Burke made his senior debut for Haninge in 2018 before spending time in Spain with UCAM Murcia during the 2019–20 season. He returned to Sweden for the postponed start of the 2020 season, joining Division 3 team Fagersta Södra IK. After only one game, he joined childhood team Rågsved. Three of his goals in the Rågsved jersey came as a hat-trick.

In 2021 he played his first full season in senior football, scoring 6 times for Hammarby Talang FF. Burke was therefore picked up by Allsvenskan sophomores Varbergs BoIS ahead of the 2022 season. Burke signed four-year deal. He made his Allsvenskan debut on 10 April 2022 against Kalmar. His first Allsvenskan goal came against Häcken in May 2022. During the course of the autumn, he was loaned out to Norrby IF where he made his debut in Superettan.

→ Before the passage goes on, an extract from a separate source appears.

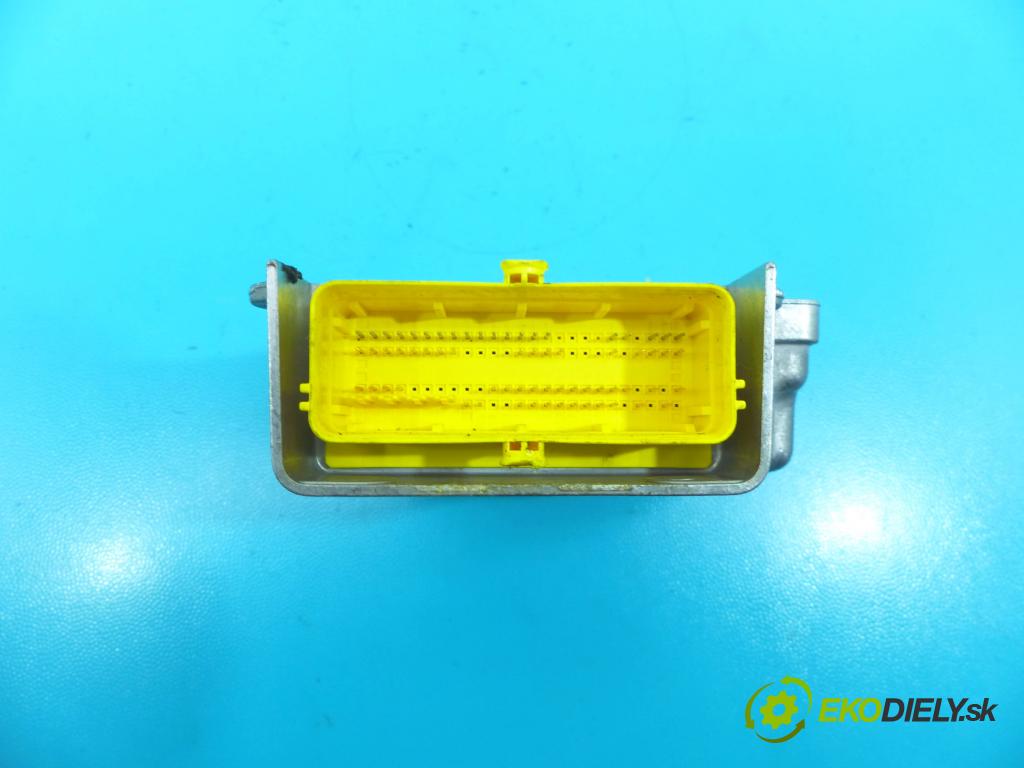 Skoda Superb II 2008-2015 2.0 tdi 170 HP manual 125 kW 1968 cm3 4- modul riadiaca jednotka 3T0959655 (Ostatné)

Ahead of the 2023 season he went on to Superettan team Västerås SK. In the summer of 2023 he was temporarily sidelined because of EKG irregularities and fear of a heart condition. After helping win the 2023 Superettan, Burke was sold to FC Spartak Trnava, for whom he signed a two-and-a-half year contract in January 2024. In February 2024 Burke made his Slovak First League debut for Trnava, in February 2024 in a 1–0 away loss against Ružomberok. He made a permanent transfer back to Sweden ahead of the 2025 season, joining newcomers to the Swedish third tier, IFK Haninge.

==Personal life==
In 2024, Burke stated his desire to choose Jamaica over Sweden, should he be called up to play internationally.